(Stored entries)
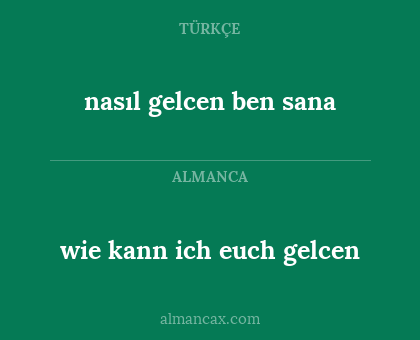wie kann ich euch gelcen - nasıl gelcen ben sana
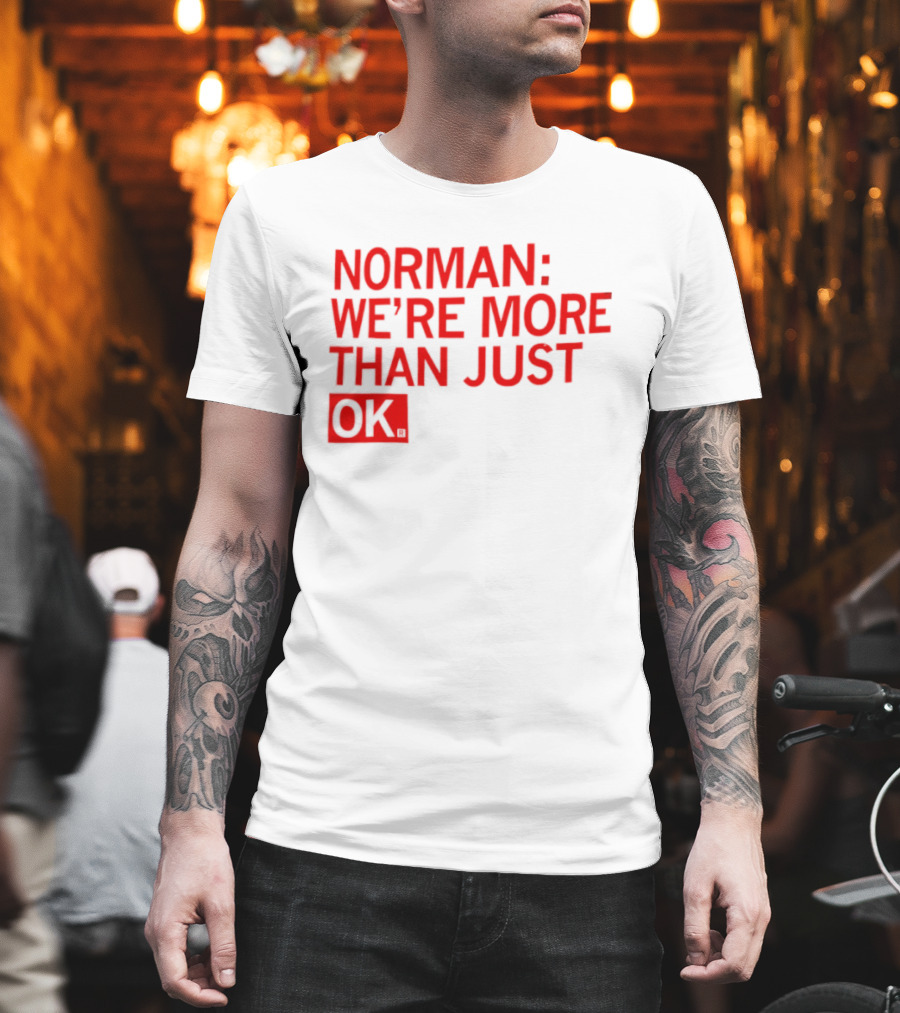 Norman We're More Than Just OK Red Lettering T-Shirt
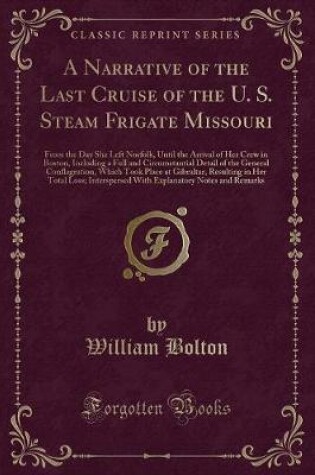 Cover of A Narrative of the Last Cruise of the U. S. Steam Frigate Missouri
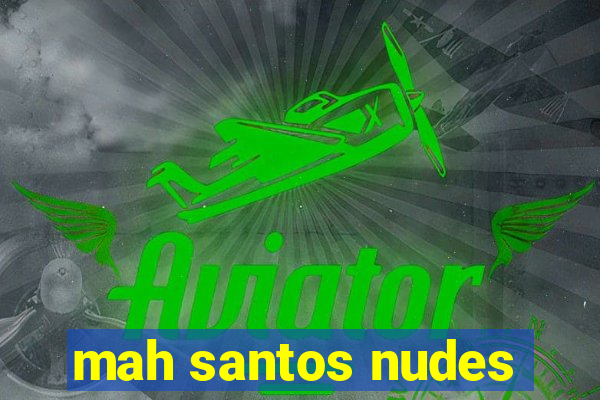 mah santos nudes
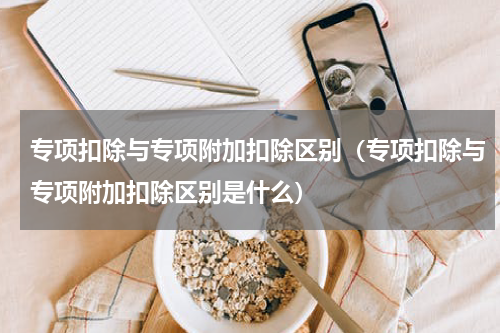 专项扣除与专项附加扣除区别（专项扣除与专项附加扣除区别是什么）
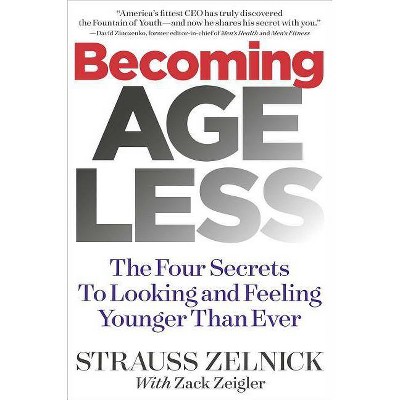 Becoming Ageless - by  Strauss Zelnick (Hardcover)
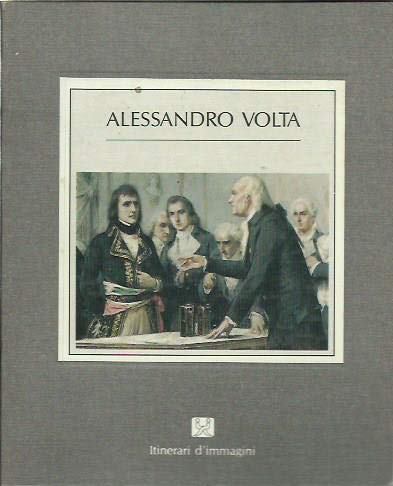Stock image for Alessandro Volta (Itinerari D'immagini) for sale by Aardvark Rare Books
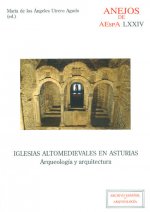 Iglesias altomedievales en Asturias: arqueología y arquitectura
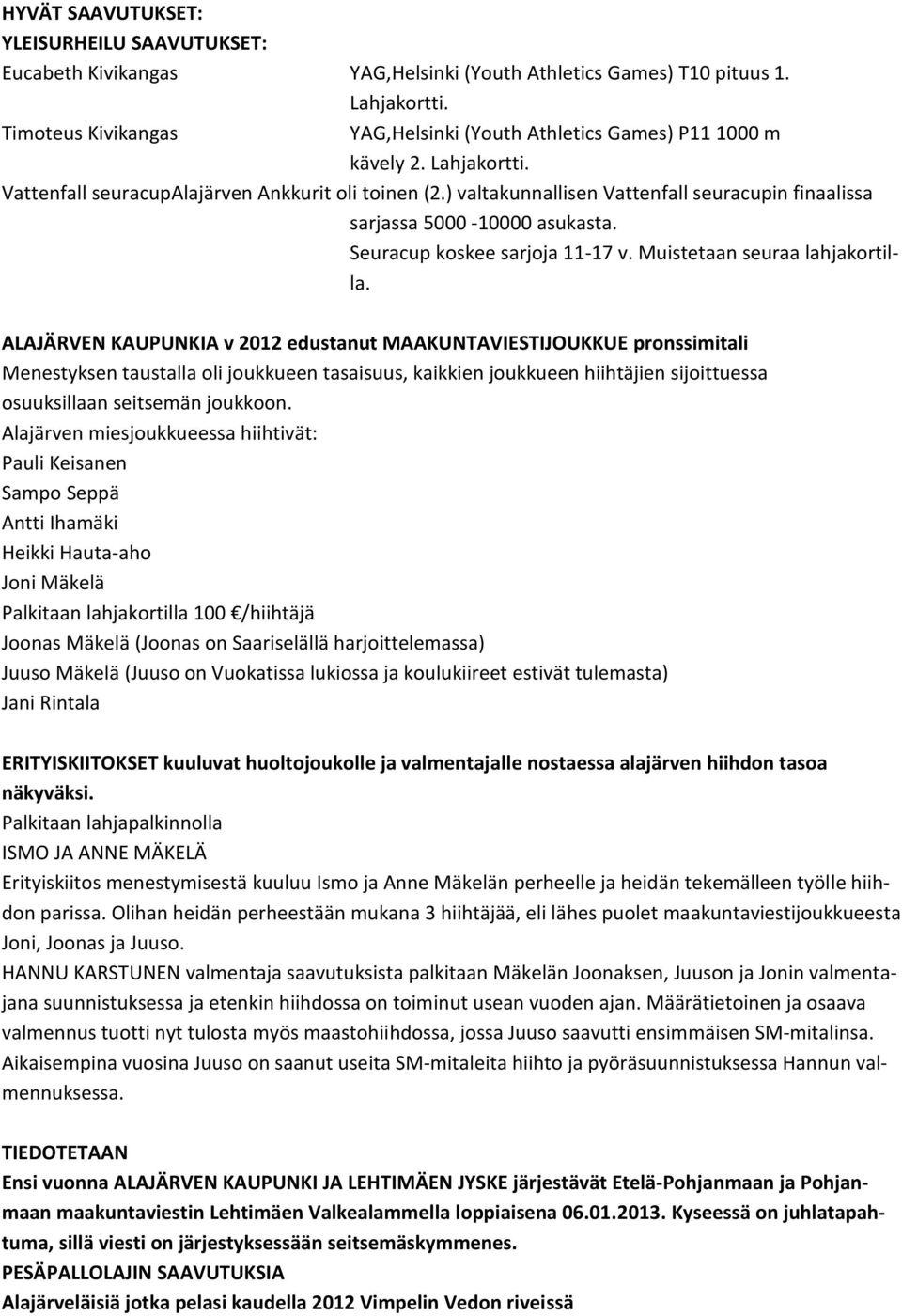 ) valtakunnallisen Vattenfall seuracupin finaalissa sarjassa 5000-10000 asukasta. Seuracup koskee sarjoja 11-17 v. Muistetaan seuraa lahjakortilla.
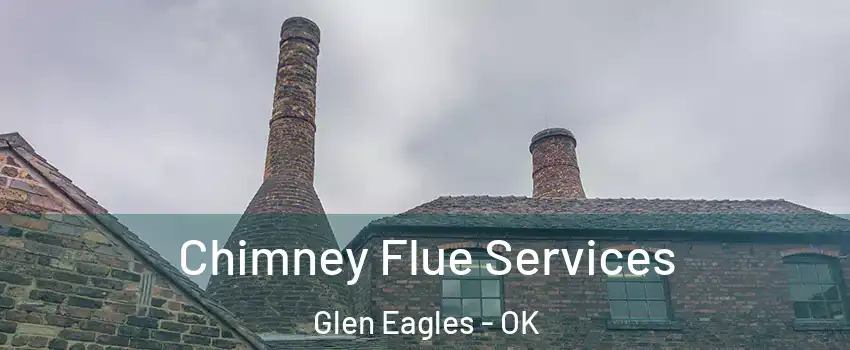 Chimney Flue Services Glen Eagles - OK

■ **Work task**: Excluding the pictures, write out exactly the lines from the line that contains "Norman We're More" through the end of the records.

■ **Result for this exercise**:
 Norman We're More Than Just OK Red Lettering T-Shirt
 Cover of A Narrative of the Last Cruise of the U. S. Steam Frigate Missouri
 mah santos nudes
 专项扣除与专项附加扣除区别（专项扣除与专项附加扣除区别是什么）
 Becoming Ageless - by  Strauss Zelnick (Hardcover)
Stock image for Alessandro Volta (Itinerari D'immagini) for sale by Aardvark Rare Books
 Iglesias altomedievales en Asturias: arqueología y arquitectura
 ) valtakunnallisen Vattenfall seuracupin finaalissa sarjassa 5000-10000 asukasta. Seuracup koskee sarjoja 11-17 v. Muistetaan seuraa lahjakortilla.
 Chimney Flue Services Glen Eagles - OK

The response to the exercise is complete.